The armistice of November 11, 1918 and the lessons for today

12 November 2018

Yesterday marked the 100th anniversary of the armistice which finally brought an end to World War I. Nothing like it had ever been seen in human history—a bloody inferno costing the lives of more than ten million soldiers and six million civilians with millions more permanently maimed, disfigured and injured.

But the silencing of the guns, in what was later to be falsely labelled as the “war to end all wars,” was not the end of the bloodshed and carnage. It was simply the conclusion of the first phase of what was to become a thirty-year international war between the major capitalist powers—the United States, Great Britain, France, Germany, Japan and their allies for control and domination of the world—that only came to an end in 1945, culminating in the dropping of two atomic bombs by the US on Japan.

In war, it has often been said, truth is the first casualty. And so it is the case here. The war of 1914–18 was not fought, as claimed by British imperialism—presiding over the greatest empire the world had ever seen—to defend the right of small nations against the depredations of Germany. Nor was it fought, as claimed by the German imperialists, to counter the barbarism of Tsarist Russia. Neither was it fought as claimed by France, allied with the Tsarist regime, to defend republican ideals against Prussian autocracy. And least of all was it a war to “make the world safe for democracy,” the fraudulent claim advanced by President Woodrow Wilson as the United States entered the conflict in April 1917 in order to ensure that the interests of rising American imperialism were advanced in the division of the spoils.

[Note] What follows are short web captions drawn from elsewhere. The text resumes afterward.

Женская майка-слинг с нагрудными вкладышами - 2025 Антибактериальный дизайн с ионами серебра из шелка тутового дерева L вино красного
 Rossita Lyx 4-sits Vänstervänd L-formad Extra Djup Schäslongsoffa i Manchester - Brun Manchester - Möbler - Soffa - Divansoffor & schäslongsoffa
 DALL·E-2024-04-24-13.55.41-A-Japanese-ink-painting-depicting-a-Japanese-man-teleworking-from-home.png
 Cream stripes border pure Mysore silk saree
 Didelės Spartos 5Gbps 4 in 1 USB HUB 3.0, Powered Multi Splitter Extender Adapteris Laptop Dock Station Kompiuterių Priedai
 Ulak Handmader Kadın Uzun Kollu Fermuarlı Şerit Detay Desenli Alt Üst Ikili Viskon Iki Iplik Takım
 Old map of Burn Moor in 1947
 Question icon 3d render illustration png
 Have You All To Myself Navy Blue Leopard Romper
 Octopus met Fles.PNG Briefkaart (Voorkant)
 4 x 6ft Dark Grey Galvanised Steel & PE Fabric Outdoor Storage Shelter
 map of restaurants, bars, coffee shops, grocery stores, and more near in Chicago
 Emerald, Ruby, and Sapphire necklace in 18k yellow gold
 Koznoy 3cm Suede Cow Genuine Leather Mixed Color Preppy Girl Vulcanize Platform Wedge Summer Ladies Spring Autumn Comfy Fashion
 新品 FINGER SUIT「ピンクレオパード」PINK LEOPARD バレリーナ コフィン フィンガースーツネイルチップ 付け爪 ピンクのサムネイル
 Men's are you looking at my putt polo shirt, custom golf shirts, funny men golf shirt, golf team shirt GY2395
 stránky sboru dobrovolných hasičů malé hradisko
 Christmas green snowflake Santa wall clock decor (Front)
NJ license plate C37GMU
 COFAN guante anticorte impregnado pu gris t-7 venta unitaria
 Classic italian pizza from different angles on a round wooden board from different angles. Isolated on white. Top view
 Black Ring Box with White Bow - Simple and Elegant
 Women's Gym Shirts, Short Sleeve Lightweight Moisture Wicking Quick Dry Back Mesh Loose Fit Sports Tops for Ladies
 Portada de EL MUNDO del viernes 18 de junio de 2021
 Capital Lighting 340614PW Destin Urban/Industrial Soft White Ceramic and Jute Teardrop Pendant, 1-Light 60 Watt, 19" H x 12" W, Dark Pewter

The war was waged for markets, profits, resources and spheres of influence. But this conflict itself did not simply arise from the political outlook of the various imperialist politicians. It had deeper roots in the very development of the capitalist economy. As Leon Trotsky explained, in words that ring out even more powerfully in today’s era of globalised production, the foundations of the war were to be found in the objective contradiction between the development of world economy and the division of the world into rival capitalist nation-states and imperialist great powers.

Each of the imperialist powers sought to resolve this contradiction through a bloody struggle to decide which of them would become the hegemonic world power. That conflict was to finally result—after three decades of barbarism, involving economic devastation, fascism, the Holocaust of European Jewry and the mass slaughter of World War II—in the domination of US imperialism.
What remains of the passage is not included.